- What to produce -
Apart from pictures, transcribe exactly each line from the one containing "-迈豪国际酒店-百老汇旋转西餐厅" through the final line of the listing below.

- Data extracts -
▶
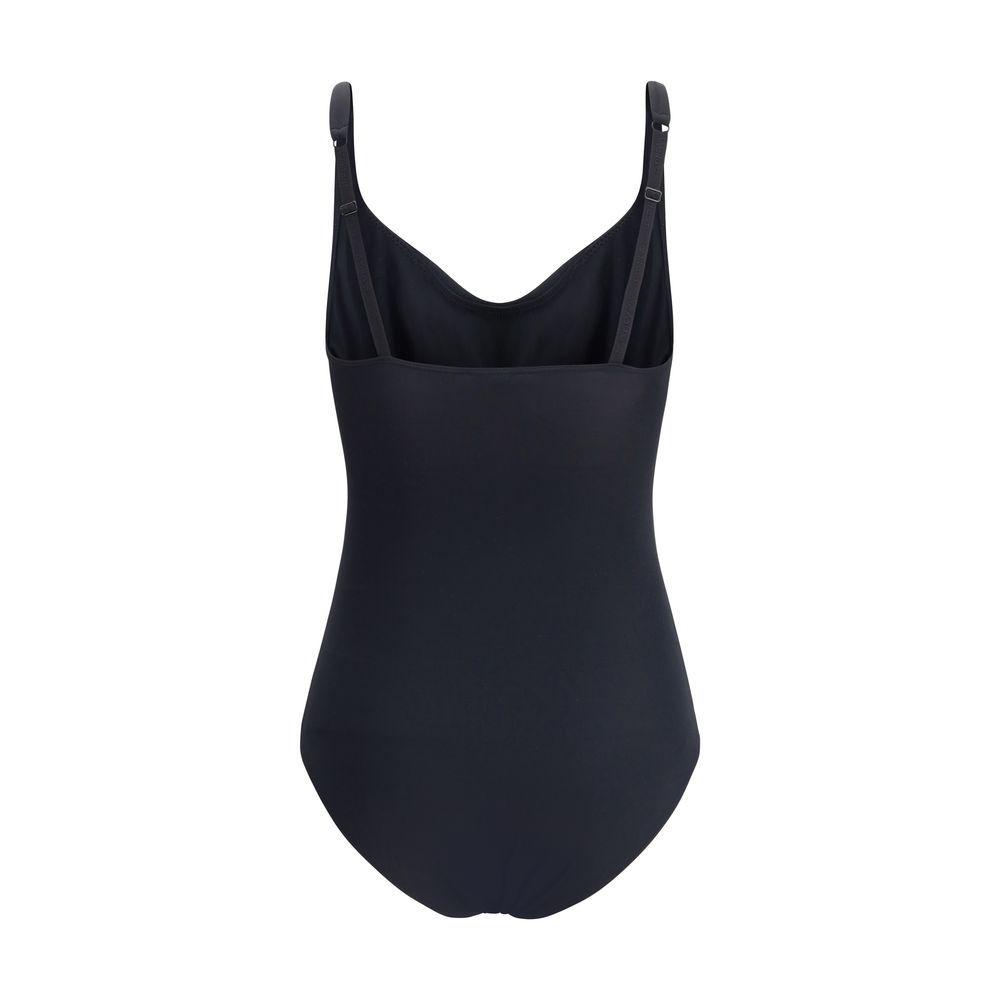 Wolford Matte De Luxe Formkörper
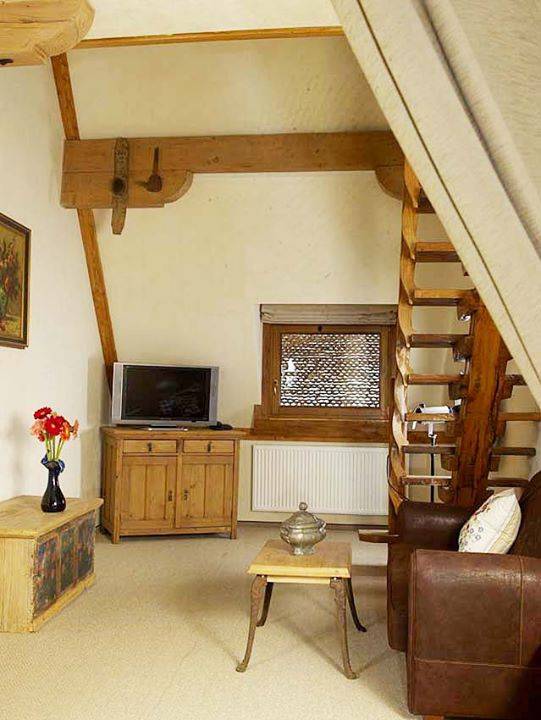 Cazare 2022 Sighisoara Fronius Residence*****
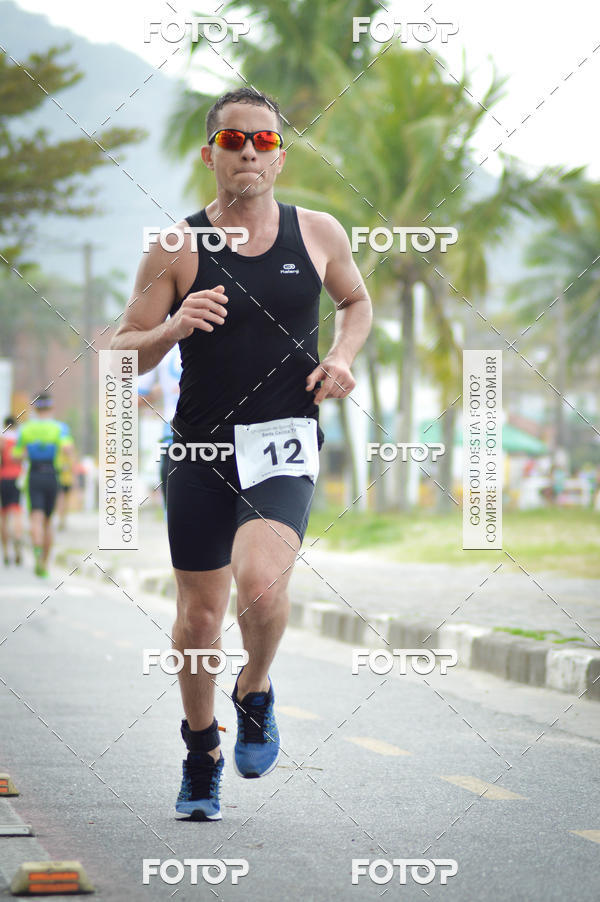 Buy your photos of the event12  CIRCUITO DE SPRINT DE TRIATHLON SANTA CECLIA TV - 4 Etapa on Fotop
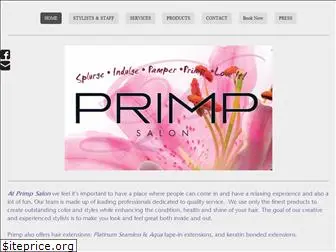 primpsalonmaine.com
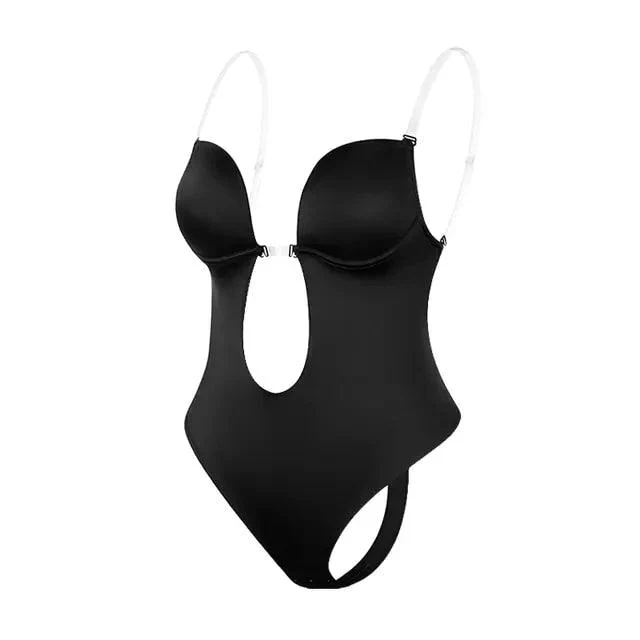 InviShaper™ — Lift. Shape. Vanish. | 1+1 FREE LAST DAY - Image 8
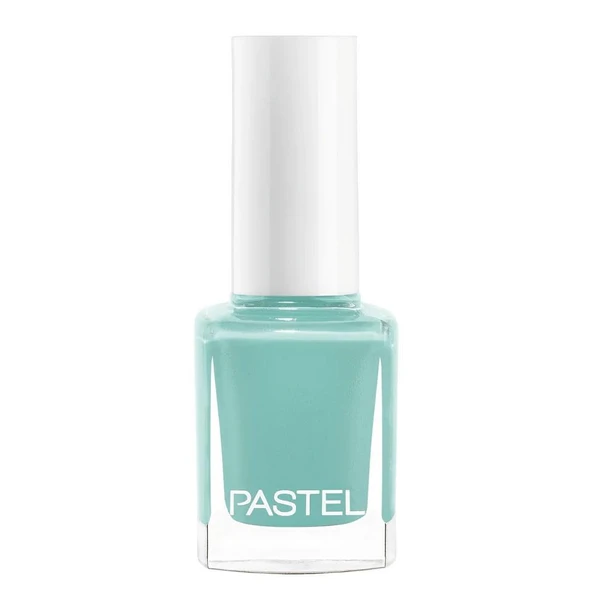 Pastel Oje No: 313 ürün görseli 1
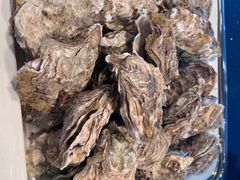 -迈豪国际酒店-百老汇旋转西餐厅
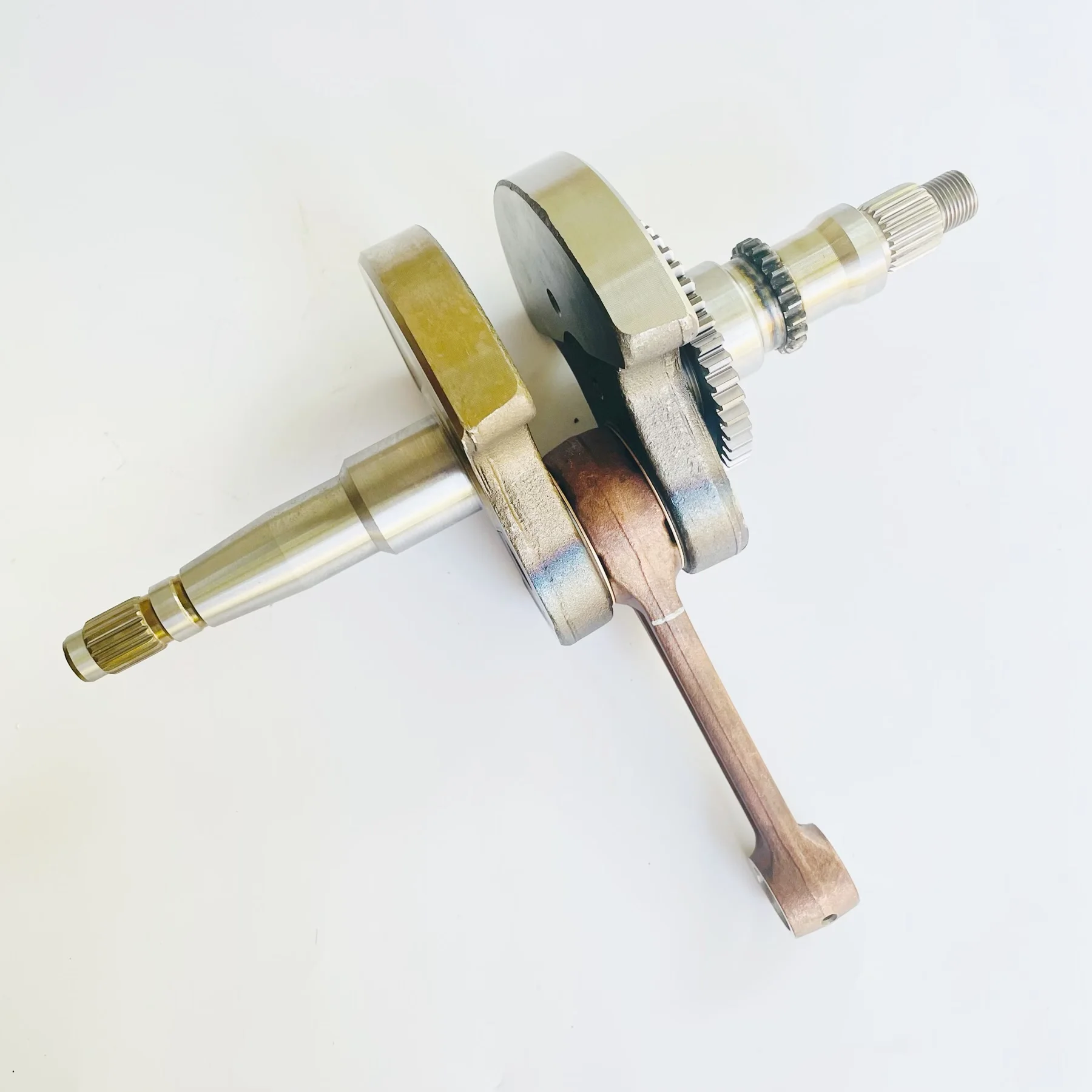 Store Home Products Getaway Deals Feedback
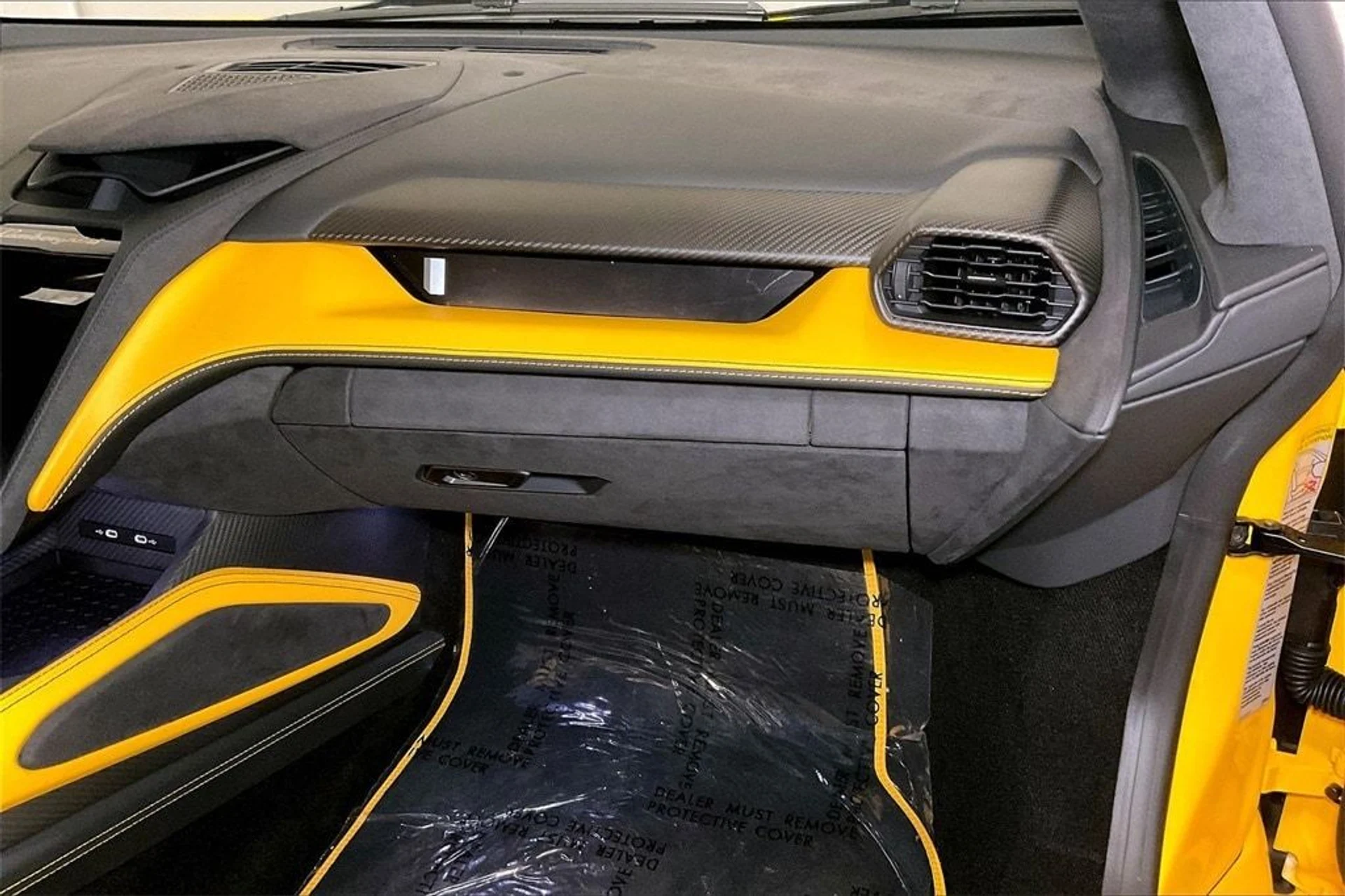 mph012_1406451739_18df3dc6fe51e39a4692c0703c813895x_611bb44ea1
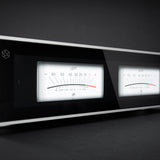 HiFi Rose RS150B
◀
- Written reply -
 -迈豪国际酒店-百老汇旋转西餐厅
 Store Home Products Getaway Deals Feedback
 mph012_1406451739_18df3dc6fe51e39a4692c0703c813895x_611bb44ea1
 HiFi Rose RS150B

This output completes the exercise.